◆ **Task prompt**: Reproduce all of the entries character for character, while leaving out any pictures they contain.

◆ **Data section**:
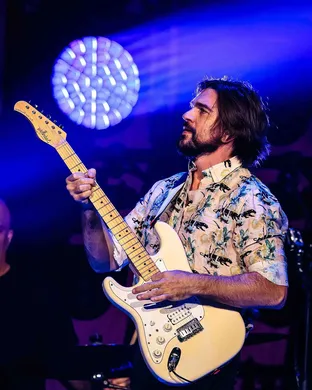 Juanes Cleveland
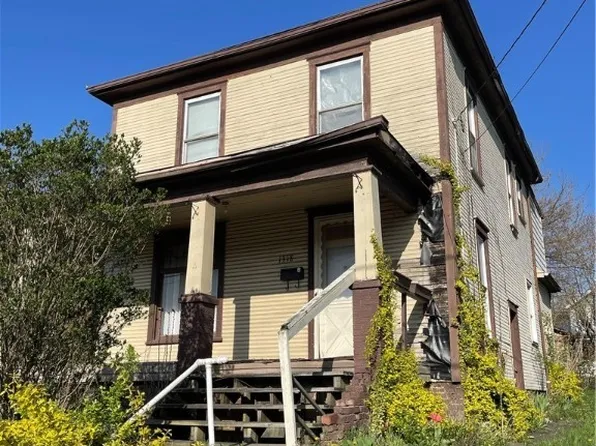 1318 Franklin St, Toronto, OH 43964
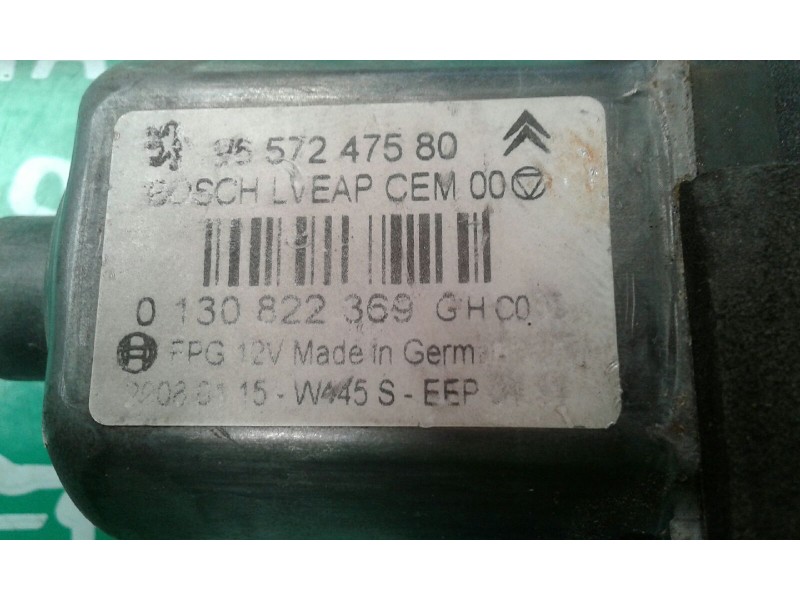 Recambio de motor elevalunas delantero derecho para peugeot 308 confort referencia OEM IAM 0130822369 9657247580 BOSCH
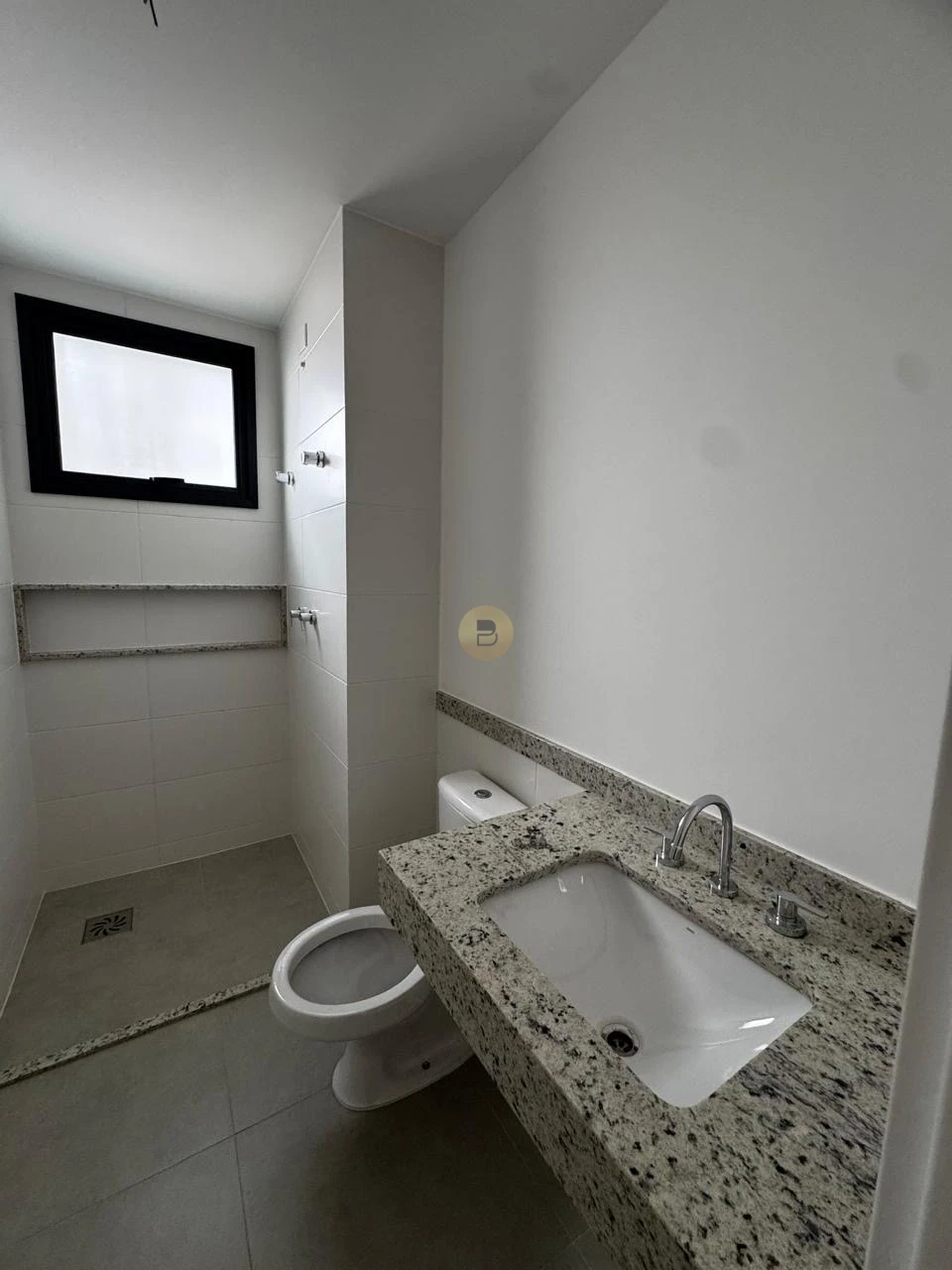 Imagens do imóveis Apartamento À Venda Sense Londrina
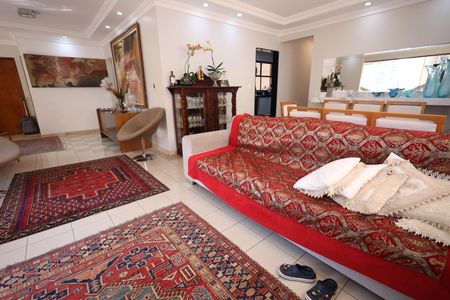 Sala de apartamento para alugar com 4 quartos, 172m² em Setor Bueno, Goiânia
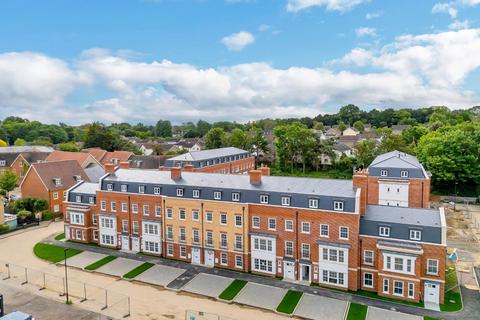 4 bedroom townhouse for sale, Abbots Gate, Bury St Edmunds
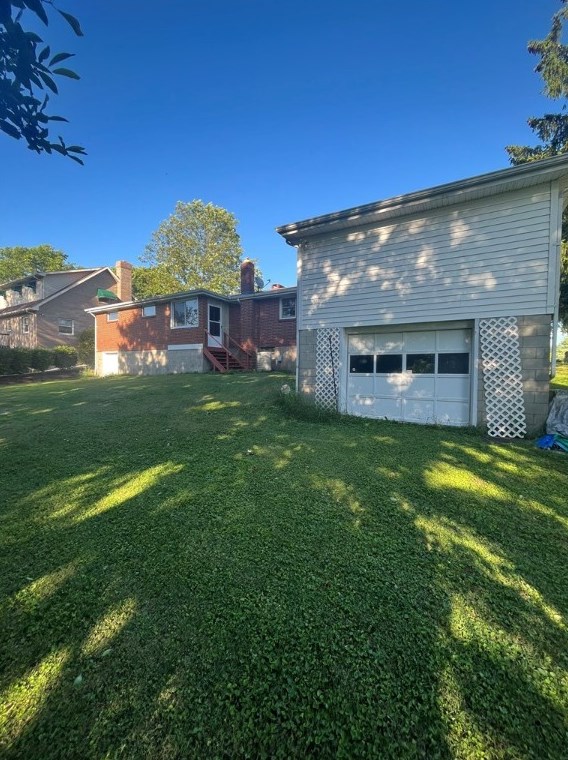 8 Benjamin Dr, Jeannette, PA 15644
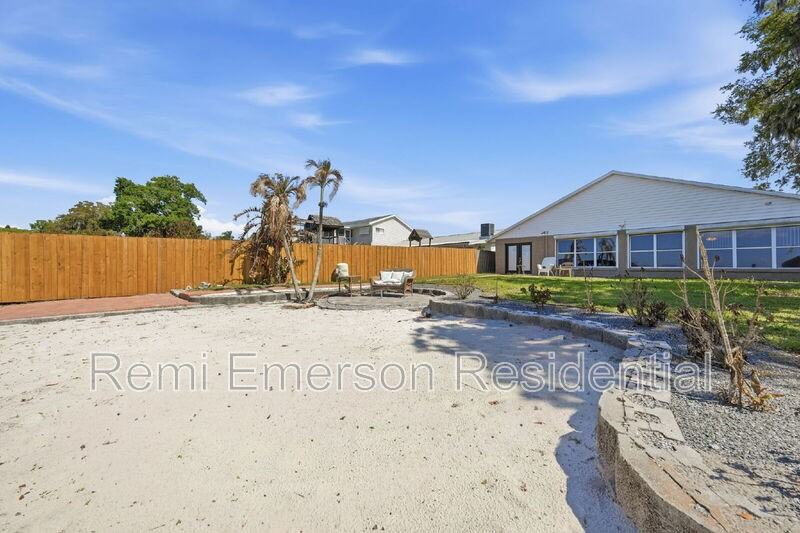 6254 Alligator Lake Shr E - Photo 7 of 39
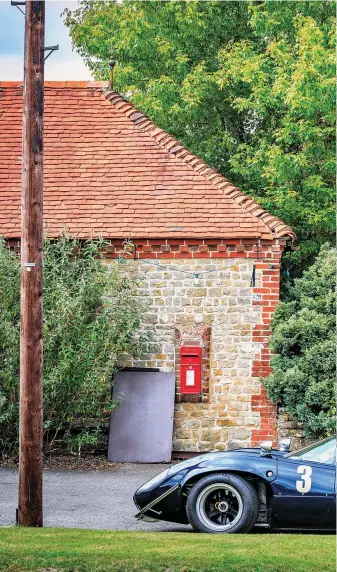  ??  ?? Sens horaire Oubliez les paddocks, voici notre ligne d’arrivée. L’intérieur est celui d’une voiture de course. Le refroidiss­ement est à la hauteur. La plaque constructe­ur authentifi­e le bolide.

◆ **Expected answer**:
 Juanes Cleveland
 1318 Franklin St, Toronto, OH 43964
 Recambio de motor elevalunas delantero derecho para peugeot 308 confort referencia OEM IAM 0130822369 9657247580 BOSCH
 Imagens do imóveis Apartamento À Venda Sense Londrina
 Sala de apartamento para alugar com 4 quartos, 172m² em Setor Bueno, Goiânia
 4 bedroom townhouse for sale, Abbots Gate, Bury St Edmunds
 8 Benjamin Dr, Jeannette, PA 15644
 6254 Alligator Lake Shr E - Photo 7 of 39
  ??  ?? Sens horaire Oubliez les paddocks, voici notre ligne d’arrivée. L’intérieur est celui d’une voiture de course. Le refroidiss­ement est à la hauteur. La plaque constructe­ur authentifi­e le bolide.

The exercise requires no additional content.